-- Short descriptive text snippets --
────────────────────────────────────────

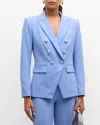 Veronica Beard Miller Double Breasted Dickey Jacket In Hydrangea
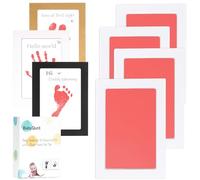 BabyQunt Inkless Baby Hand and Footprint Kit,Clean-Touch Ink Pad Kit,Safe No Mess Printing Infant Hand Foot Stamp,4 Pack Newborn Inkless Print Pads Best Keepsake or Gifts for Family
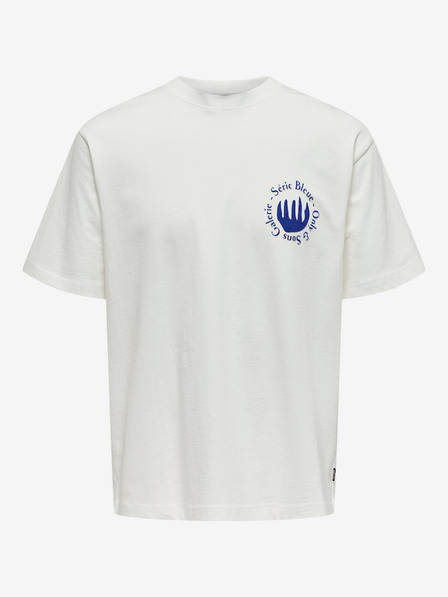 ONLY & SONS Weißes Herren ONLY & SONS Lucian T-Shirt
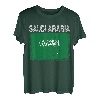 Vintage Saudi-Arabien Flagge Saudi-Stolz Kleidung Sporttrikot T-Shirt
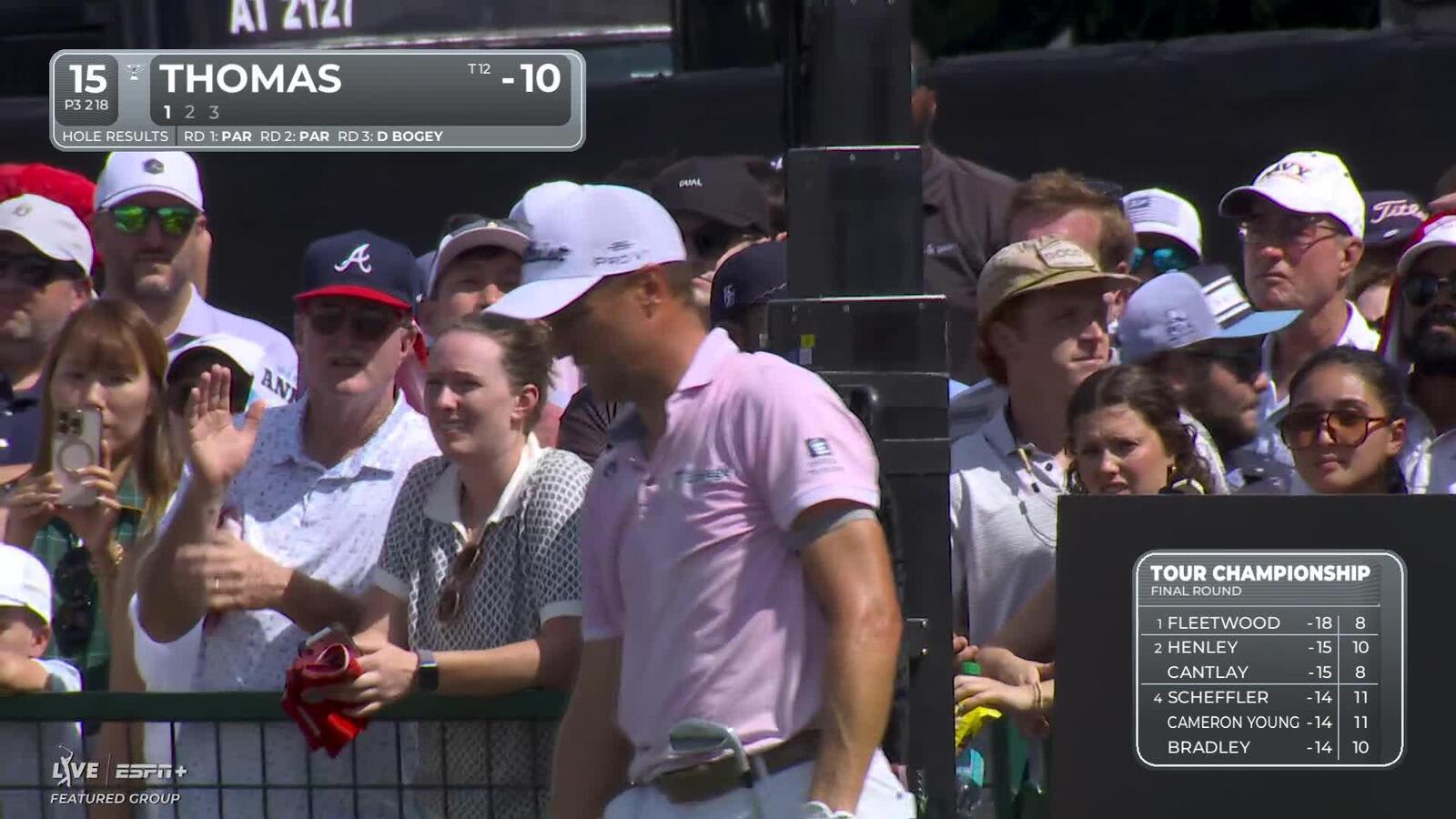 Justin Thomas makes birdie on No. 15 at TOUR Championship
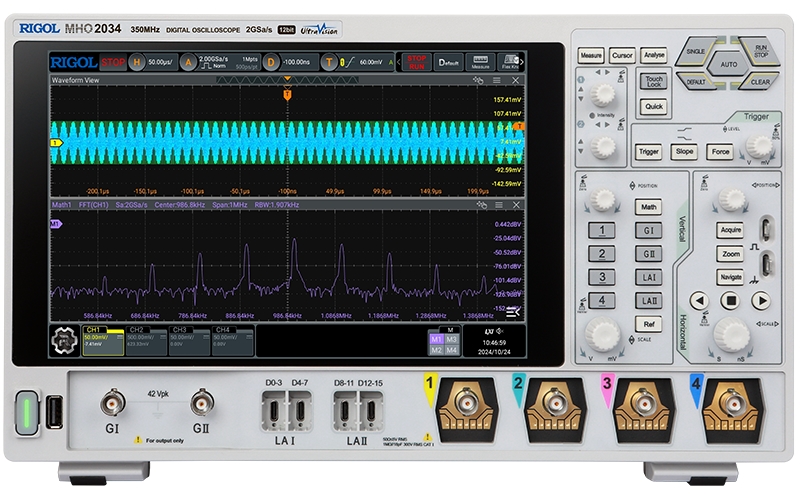 ��Դ���RIGOL�Ƴ�MHO2000ϵ�и߷ֱ���ʾ����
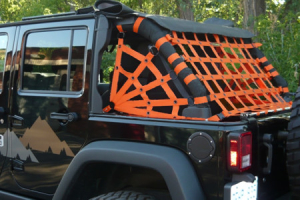 Dirty Dog 4x4 Spider Netting Rear Orange - JK 4dr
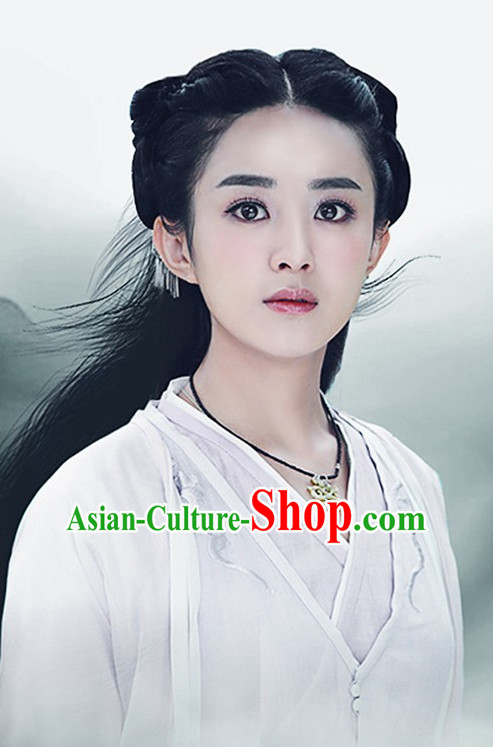 Chinese Traditional Fairy Long Black Wigs for Women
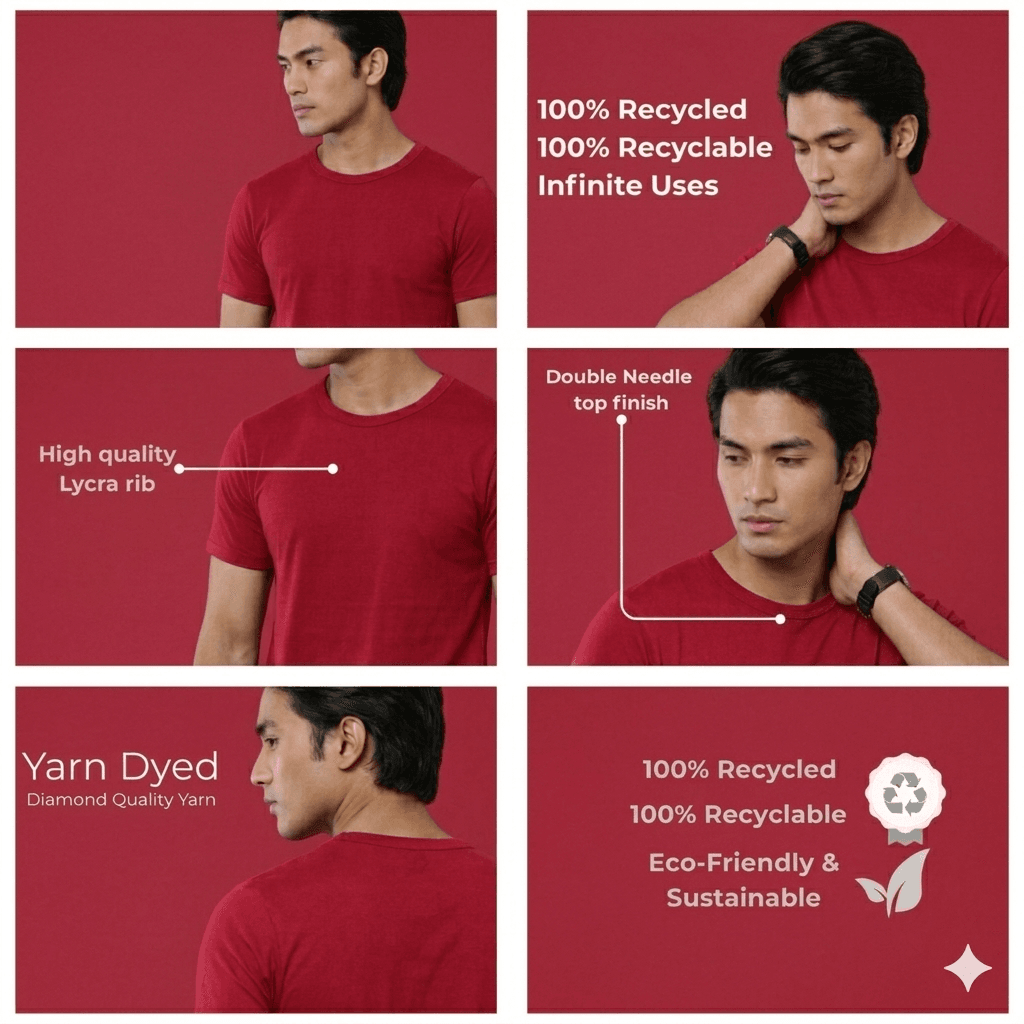 sustainable organic cotton roundneck t-shirt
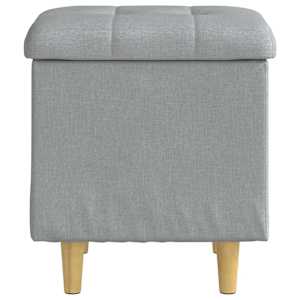 Ottoman s úložným prostorem Světle šedá 40 x 40 x 45 cm textil - obrázek 6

────────────────────────────────────────

-- Your assignment --
Go back to the entries above and restate word for word every line from the first through the one that contains "ONLY & SONS Weißes", leaving the pictures behind.

-- Answer below --
 Veronica Beard Miller Double Breasted Dickey Jacket In Hydrangea
 BabyQunt Inkless Baby Hand and Footprint Kit,Clean-Touch Ink Pad Kit,Safe No Mess Printing Infant Hand Foot Stamp,4 Pack Newborn Inkless Print Pads Best Keepsake or Gifts for Family
 ONLY & SONS Weißes Herren ONLY & SONS Lucian T-Shirt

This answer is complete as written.